Citation: Le Corf A, Maesen S, Chantharath A, Loyer C, Vazquez JM, Lauterbur ME, et al. (2026) Genomic and functional adaptations in the guanylate-binding protein 5 highlight specificities of bat antiviral innate immunity. PLoS Biol 24(4): e3003760. https://doi.org/10.1371/journal.pbio.3003760
Academic Editor: Harmit S. Malik, Fred Hutchinson Cancer Research Center, UNITED STATES OF AMERICA
Received: February 21, 2025; Accepted: April 1, 2026; Published: April 21, 2026
Copyright: © 2026 Le Corf et al. This is an open access article distributed under the terms of the Creative Commons Attribution License, which permits unrestricted use, distribution, and reproduction in any medium, provided the original author and source are credited.
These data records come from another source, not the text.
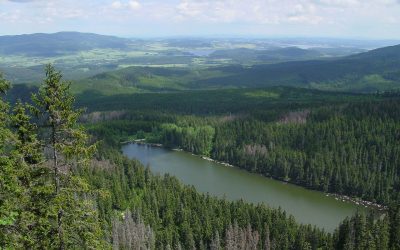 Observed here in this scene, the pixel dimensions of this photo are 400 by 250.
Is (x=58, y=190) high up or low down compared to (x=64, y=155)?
down

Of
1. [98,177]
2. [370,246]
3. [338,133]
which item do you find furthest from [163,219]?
[338,133]

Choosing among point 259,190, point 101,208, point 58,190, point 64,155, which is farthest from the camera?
point 259,190

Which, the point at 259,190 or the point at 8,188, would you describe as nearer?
the point at 8,188

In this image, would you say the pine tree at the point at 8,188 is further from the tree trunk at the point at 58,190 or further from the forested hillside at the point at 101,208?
the tree trunk at the point at 58,190

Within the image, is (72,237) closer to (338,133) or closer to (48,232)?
(48,232)

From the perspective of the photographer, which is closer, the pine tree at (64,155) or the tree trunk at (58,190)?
the pine tree at (64,155)

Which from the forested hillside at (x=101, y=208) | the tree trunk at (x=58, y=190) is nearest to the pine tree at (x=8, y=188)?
the forested hillside at (x=101, y=208)

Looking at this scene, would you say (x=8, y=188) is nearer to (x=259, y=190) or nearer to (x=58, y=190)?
(x=58, y=190)

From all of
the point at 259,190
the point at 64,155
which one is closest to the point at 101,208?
the point at 259,190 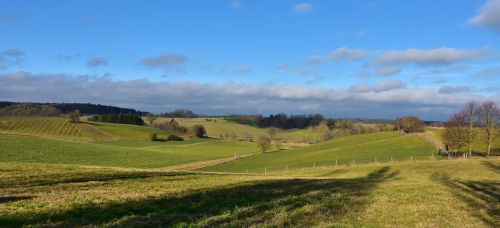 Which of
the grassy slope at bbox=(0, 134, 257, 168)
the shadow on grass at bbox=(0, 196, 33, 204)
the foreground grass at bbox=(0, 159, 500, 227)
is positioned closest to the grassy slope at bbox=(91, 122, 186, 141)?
the grassy slope at bbox=(0, 134, 257, 168)

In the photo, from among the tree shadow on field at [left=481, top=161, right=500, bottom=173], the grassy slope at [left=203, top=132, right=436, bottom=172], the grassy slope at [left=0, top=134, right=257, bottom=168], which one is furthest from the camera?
the grassy slope at [left=203, top=132, right=436, bottom=172]

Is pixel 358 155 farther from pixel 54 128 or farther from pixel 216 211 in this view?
pixel 54 128

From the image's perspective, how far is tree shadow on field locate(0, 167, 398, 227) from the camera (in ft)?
42.6

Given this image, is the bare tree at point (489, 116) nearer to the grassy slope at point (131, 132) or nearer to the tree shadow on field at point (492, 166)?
the tree shadow on field at point (492, 166)

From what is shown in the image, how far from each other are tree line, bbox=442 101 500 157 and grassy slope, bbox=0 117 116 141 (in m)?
102

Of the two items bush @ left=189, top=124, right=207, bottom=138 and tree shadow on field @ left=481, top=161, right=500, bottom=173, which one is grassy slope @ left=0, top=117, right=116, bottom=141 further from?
tree shadow on field @ left=481, top=161, right=500, bottom=173

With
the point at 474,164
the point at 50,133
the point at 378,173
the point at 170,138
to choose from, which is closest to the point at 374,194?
the point at 378,173

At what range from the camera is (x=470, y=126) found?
298 ft

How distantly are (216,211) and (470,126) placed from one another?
290 feet

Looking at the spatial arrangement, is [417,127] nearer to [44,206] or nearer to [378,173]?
[378,173]

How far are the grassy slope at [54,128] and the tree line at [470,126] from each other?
10227cm

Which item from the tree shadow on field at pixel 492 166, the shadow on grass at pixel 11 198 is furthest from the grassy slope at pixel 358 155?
the shadow on grass at pixel 11 198

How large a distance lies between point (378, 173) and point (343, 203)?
39.4 m

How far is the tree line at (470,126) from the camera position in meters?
88.1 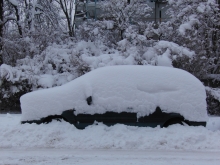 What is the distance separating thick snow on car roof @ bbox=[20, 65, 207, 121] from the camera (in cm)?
570

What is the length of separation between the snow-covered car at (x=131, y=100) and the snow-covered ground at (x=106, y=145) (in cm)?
22

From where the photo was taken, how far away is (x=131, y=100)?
18.7 feet

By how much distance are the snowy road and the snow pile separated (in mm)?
232

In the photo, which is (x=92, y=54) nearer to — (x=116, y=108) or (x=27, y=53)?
(x=27, y=53)

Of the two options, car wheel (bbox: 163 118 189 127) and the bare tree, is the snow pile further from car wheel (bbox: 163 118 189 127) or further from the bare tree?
the bare tree

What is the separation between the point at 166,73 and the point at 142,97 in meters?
0.91

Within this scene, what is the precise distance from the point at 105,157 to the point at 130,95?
5.47 feet

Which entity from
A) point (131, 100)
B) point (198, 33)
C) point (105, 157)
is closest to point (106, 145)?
point (105, 157)

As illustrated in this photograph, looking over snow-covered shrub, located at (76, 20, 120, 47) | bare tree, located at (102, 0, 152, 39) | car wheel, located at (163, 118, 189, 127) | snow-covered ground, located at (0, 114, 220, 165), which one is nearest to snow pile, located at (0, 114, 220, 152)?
snow-covered ground, located at (0, 114, 220, 165)

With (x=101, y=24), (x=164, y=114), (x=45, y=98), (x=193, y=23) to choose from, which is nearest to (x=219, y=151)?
(x=164, y=114)

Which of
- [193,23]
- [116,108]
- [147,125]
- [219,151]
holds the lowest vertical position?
[219,151]

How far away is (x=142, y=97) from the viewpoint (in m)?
5.70

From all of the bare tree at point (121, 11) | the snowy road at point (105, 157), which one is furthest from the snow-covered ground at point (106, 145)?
the bare tree at point (121, 11)

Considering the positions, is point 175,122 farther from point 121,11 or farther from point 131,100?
point 121,11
Data Availability: All data are publicly available. The scripts are available in gitlab https://gitbio.ens-lyon.fr/ciri/lp2l/gbp5_paper_2025 and in Zenodo https://zenodo.org/records/19208102. The RNAseq data were deposited in European Nucleotide Archive (ENA) under accession number PRJNA1011374 and the TPM count table is available in S1 Dataset. The five de novo GBP5 sequences obtained for five bat species were deposited in GenBank (GenBank Submission SUB15056411). The alignments for phylogenetic analyses are all openly available in FigShare Dataset (https://doi.org/10.6084/m9.figshare.26180785.v1, https://doi.org/10.6084/m9.figshare.26180764.v1, https://doi.org/10.6084/m9.figshare.26180803.v1, https://doi.org/10.6084/m9.figshare.26180761.v1, https://doi.org/10.6084/m9.figshare.26180767.v1, https://doi.org/10.6084/m9.figshare.26180776.v1, https://doi.org/10.6084/m9.figshare.26180794.v1, https://doi.org/10.6084/m9.figshare.26180797.v1), as well as the bat phylogenetic tree from Fig 3A (https://doi.org/10.6084/m9.figshare.30924512) and all results from positive selection analyses (https://doi.org/10.6084/m9.figshare.30924551). Reagents are accessible upon request to partenariats.lyon@inserm.fr.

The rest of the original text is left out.